Pakistan has long been associated with negative stereotypes, with many seeing it as a failing state. Poverty, terrorism, political instability, and corruption have all been problems for the country. Despite these challenges, Pakistan has demonstrated amazing resilience and success.
Pakistan was established in 1947 as a result of the partition of British India. At its foundation, the country faced various problems, including the migration of millions of people and the formation of a new administration. Pakistan’s early years were defined by political instability, with numerous changes in administration and periods of martial law. Throughout Pakistan’s history, the military has played an important role, with various military coups taking place.
In the face of various adversities, Pakistan has demonstrated incredible resilience and success, and several variables contribute to this resilience.
Pakistan has achieved significant economic growth in recent years, with its GDP growing at an average rate of 5.2% per year between 2013 and 2018. The agriculture sector in Pakistan is a vital component of the country’s food security and economic stability, providing a foundation for resilience. This growth has been driven by industries such as IT and textiles, with Pakistan becoming one of the largest exporters of textiles, which account for the majority of Pakistan’s exports, valued at $19.33 billion in 2022 in the world. The IT industry has also seen significant growth, with the government actively promoting the sector as a key driver of economic growth.
According to the World Bank, the poverty rate in Pakistan has decreased from 64.3% in 2002 to 24.3% in 2015. However, major obstacles exist, particularly in rural regions. The government has made initiatives to address the issues of poverty, unemployment, and inequality, including the introduction of a poverty alleviation program and the implementation of a national minimum wage. However, more must be done to guarantee that the advantages of economic progress are more fairly distributed.
Pakistan has achieved substantial political progress in recent years, with civilian administrations peacefully transferring power. There has also been more journalistic freedom, with more coverage of political and social topics. To further reinforce democratic processes, the administration has made initiatives to strengthen institutions such as the judiciary and the Election Commission. To improve democratic institutions, the administration is aiming to increase openness and accountability.
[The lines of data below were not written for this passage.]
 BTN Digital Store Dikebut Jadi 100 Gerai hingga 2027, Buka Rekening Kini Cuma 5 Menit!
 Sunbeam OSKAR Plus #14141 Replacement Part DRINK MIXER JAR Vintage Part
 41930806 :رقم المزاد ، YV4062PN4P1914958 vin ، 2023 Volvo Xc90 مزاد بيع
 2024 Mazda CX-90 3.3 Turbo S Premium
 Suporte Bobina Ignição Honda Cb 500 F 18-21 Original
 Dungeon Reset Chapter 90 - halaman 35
In recent years, Pakistan has experienced considerable security challenges, including terrorism and regional wars. Terrorist assaults have long plagued the country, with the most recent being the 2014 attack on the Army Public School in Peshawar, which killed 132 students and 9 staff members. Regional crises, notably the ongoing violence in neighboring Afghanistan, have also had an impact on the country.
Despite these difficulties, Pakistan’s military and security forces have achieved tremendous advances in battling terrorism and enhancing security. Pakistan boasts a robust military, which serves to preserve stability and protect its territorial sovereignty. The commencement of Operation Zarb-e-Azb in 2014 was a watershed moment in Pakistan’s counter-terrorism efforts, with the military effectively striking terrorist strongholds in tribal areas. As a result, the number of terrorist attacks in Pakistan has reduced dramatically, with a 62% decline in the number of events and an 83% decrease in the number of deaths between 2014 and 2019.
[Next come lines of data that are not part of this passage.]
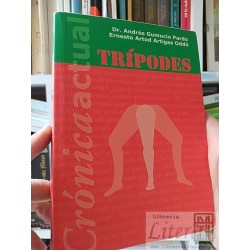 Trípodes ¿Qué queremos cuando queremos sexo? Dr Andrés...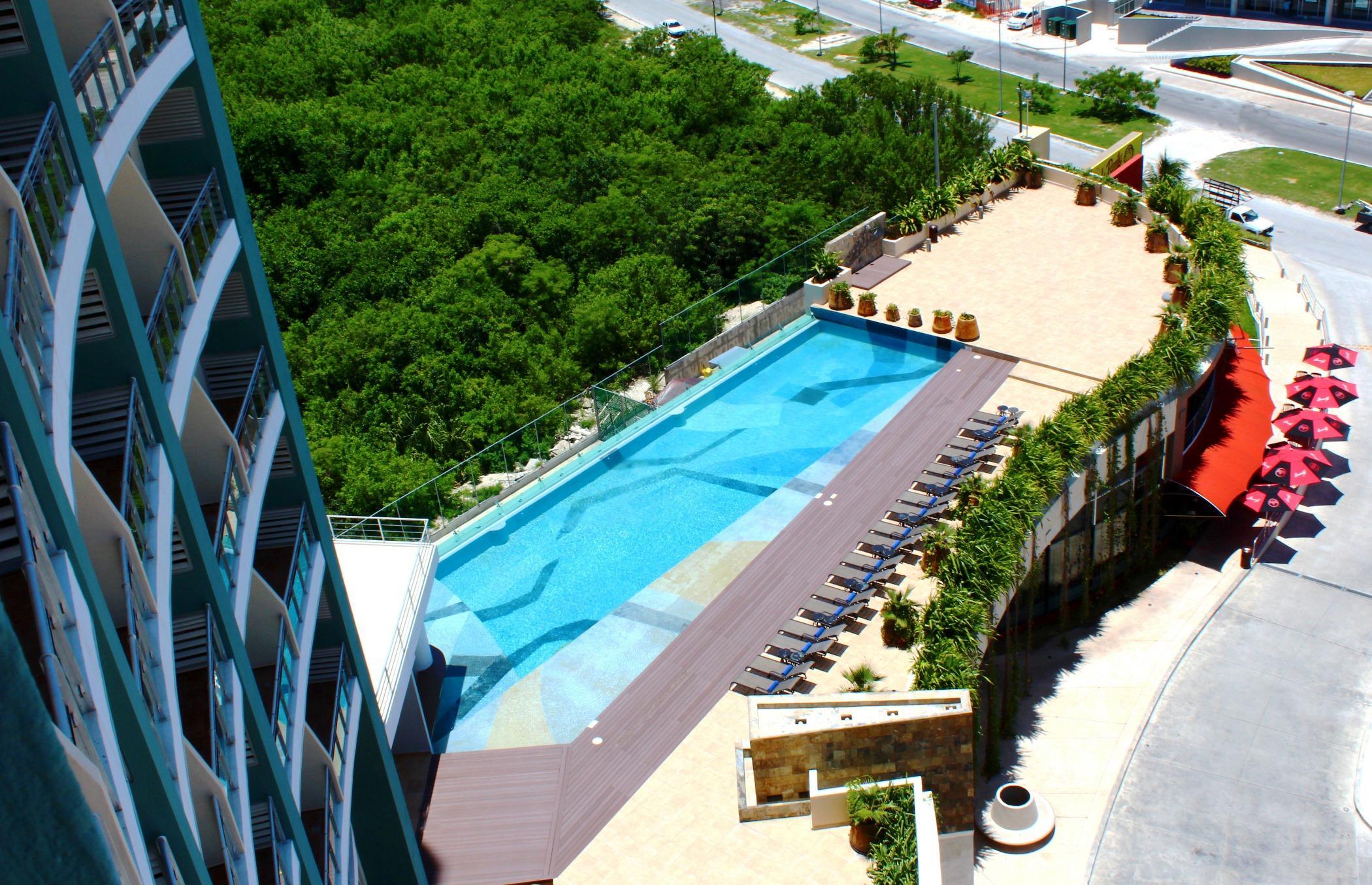 Hotel Krystal Urban Centro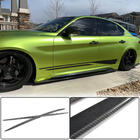 Alfa Romeo Giulia 2016-2022 Side Skirts V1 (for Base/Sport, Carbon) photo 2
Pakistan has also made progress in improving regional security, particularly through its role in the Afghan peace process. Pakistan has played a key role in facilitating peace talks between the Taliban and the Afghan government, to promote stability and security in the region.
Pakistan has made significant progress in recent years in improving social indicators such as education, healthcare, and gender equality. The government has invested heavily in improving access to education, particularly for girls, with the number of out-of-school children decreasing by 22% between 2017 and 2019. According to UNESCO, Pakistan’s literacy rate has improved from 43% in 1998 to 63% in 2017. Healthcare has also improved, with the government launching several initiatives to increase access to healthcare services and improve the quality of care.
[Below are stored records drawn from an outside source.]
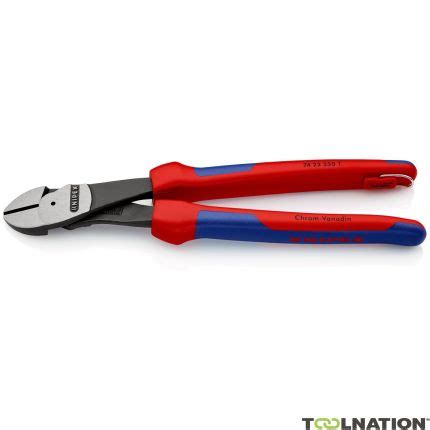 Knipex 74 22 250 T Power side cutters 250 mm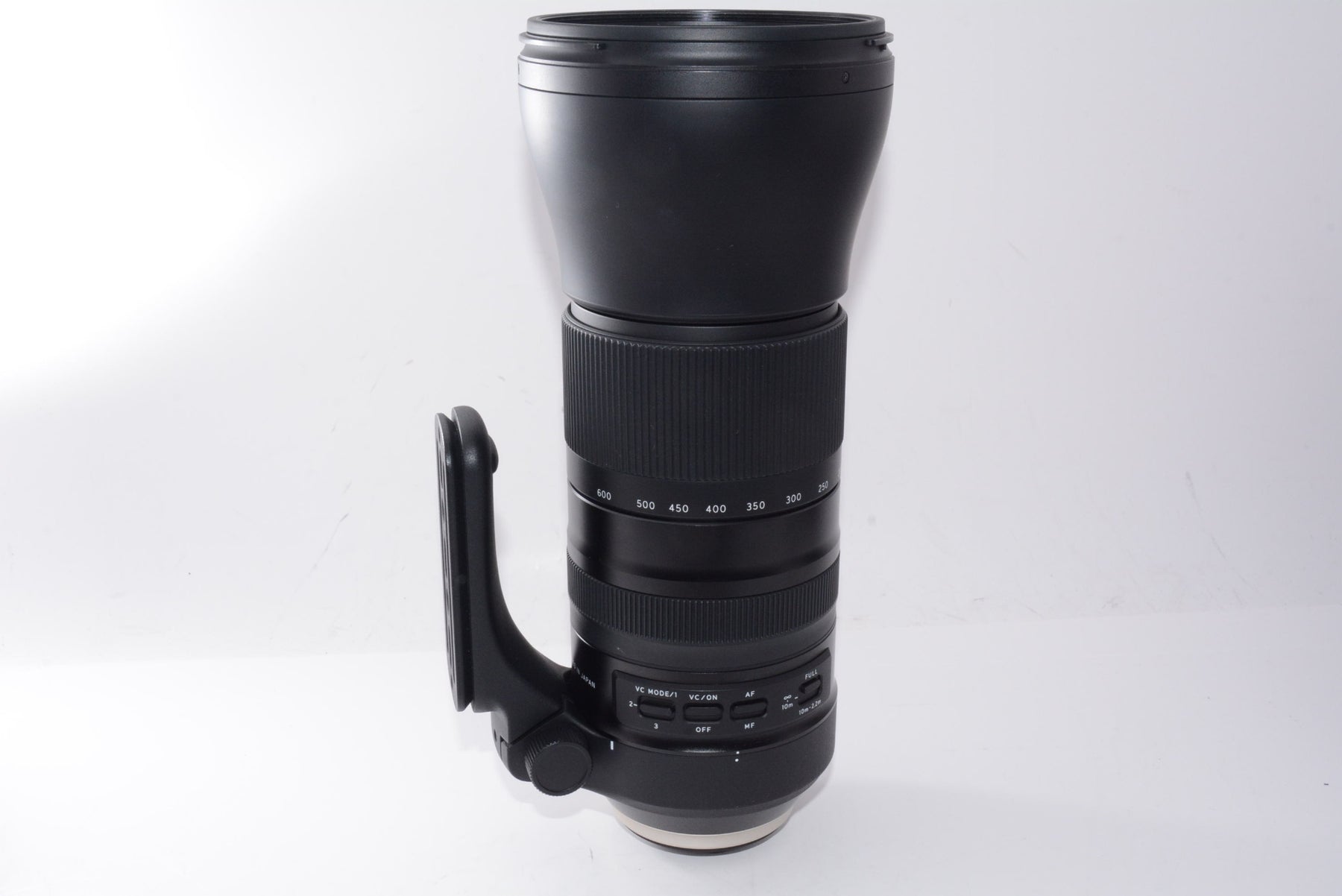 【外観並級】TAMRON 超望遠ズームレンズ SP 150-600mm F5-6.3 Di  VC USD G2 ニコン用 フルサイズ対応 A022N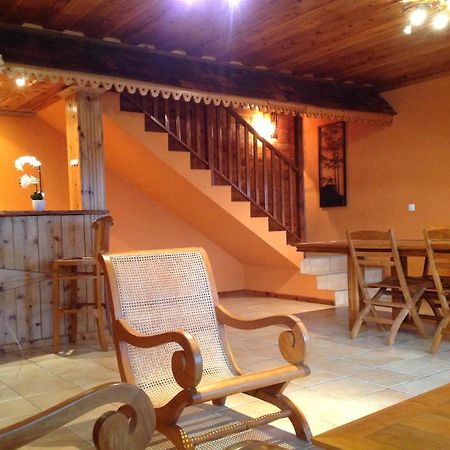 Chambres D'Hotes Doris Cilaos Zewnętrze zdjęcie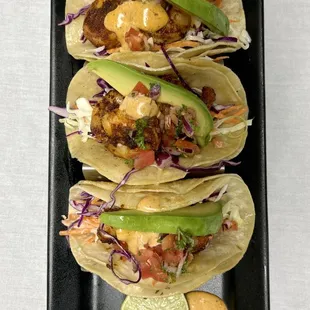 Shrimp Tacos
Pakistan has made strides toward gender equality, notably through legal measures such as the Protection of Women Against Violence Act and the Criminal Law Amendment Act. Women’s representation in Pakistan’s National Assembly has increased from 20.7% in 2013 to 20.9% in 2018. Civil society has been critical in advancing social change, notably via lobbying and awareness-raising initiatives on topics like gender-based violence and child marriage.
Continued investment in economic growth, political stability, and social advancement is required for Pakistan to build on its achievements and tackle the remaining problems. The overseas diaspora has historically helped the country in times of need through remittances and foreign direct investment. Friendly countries such as China, Saudi Arabia, and the United Arab Emirates are also assisting the country in overcoming its economic difficulties.